Aladdin, Cina, dan Orientalisme
10Berita – Menyusul ditayangkannya pembuatan ulang film animasi keluaran Disney pada 1992 lalu, “Aladdin”, lagu tema tersebut menggema lagi di bioskop-bioskop seantero dunia termasuk Indonesia. Ia mulai dinyanyikan remaja-remaja dan anak-anak yang menyaksikan kisah klasik tersebut.
Seperti film animasinya, yang terkini juga tak lepas dari stereotip orientalis tentang masa lalu Arab dan Islam. Padang pasir, bangsawan-bangsawan, dan makhluk-makhluk khayali.
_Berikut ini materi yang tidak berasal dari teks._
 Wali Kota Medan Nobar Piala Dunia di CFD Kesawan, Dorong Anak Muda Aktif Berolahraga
Dalam ranah hiburan, ia barangkali wajar saja, tapi menengok sejarah, ada implikasi lain di sini.
Begini, para penulis di Disney membayangkan Agrabah sebagai locus delicti cerita tersebut. Ia kota yang dibayangkan seperti Baghdad pada masa keemasannya. Persoalannya, dalam kisah asli Aladdin yang diterjemahkan pada abad ke-18, bukan demikian kasusnya.
Kisah Aladdin sedianya tak masuk dalam versi asli “Kisah 1001 Malam”. Ia ditambahkan oleh penerjemah Prancis Antoine Galland pada terjemahan yang terbit pada 1721. Kisah itu, diklaim Galland, ia dengar dari seorang pendongeng asal Aleppo bernama Hanna Dyab.
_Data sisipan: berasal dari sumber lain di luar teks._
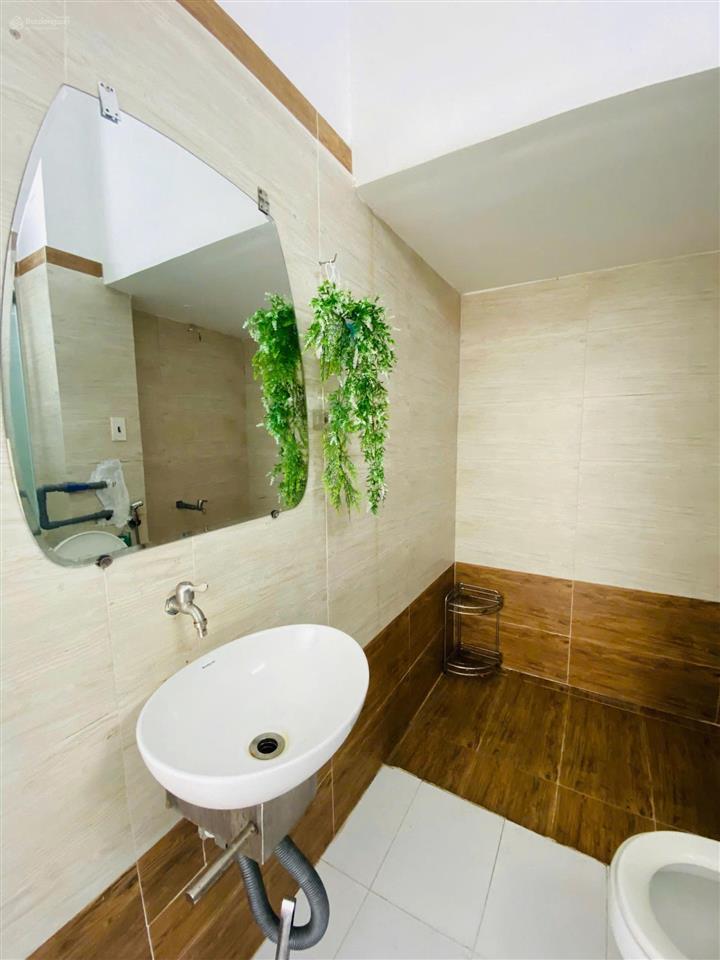 Cho thuê phòng trọ q7 siêu phẩm 1pn tách bếp có ban công, sạch rộng thoáng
Aleppo sendirinya adalah sebuah kosmopolitan sebelum kolonialisme memporak porandakan Timur Tengah. Sejarawan Eugene Rogans dalam bukunya “The Arabs: A History” (2015), mengenang bahwa Aleppo yang sekarang hancur lebur oleh perang itu adalah perlintasan segala bangsa. Sedemikian terkenal sampai-sampai sastrawan Inggris abad ke-17, Shakespeare, menyertakan kota itu dalam dua karyanya, Othello dan Macbeth.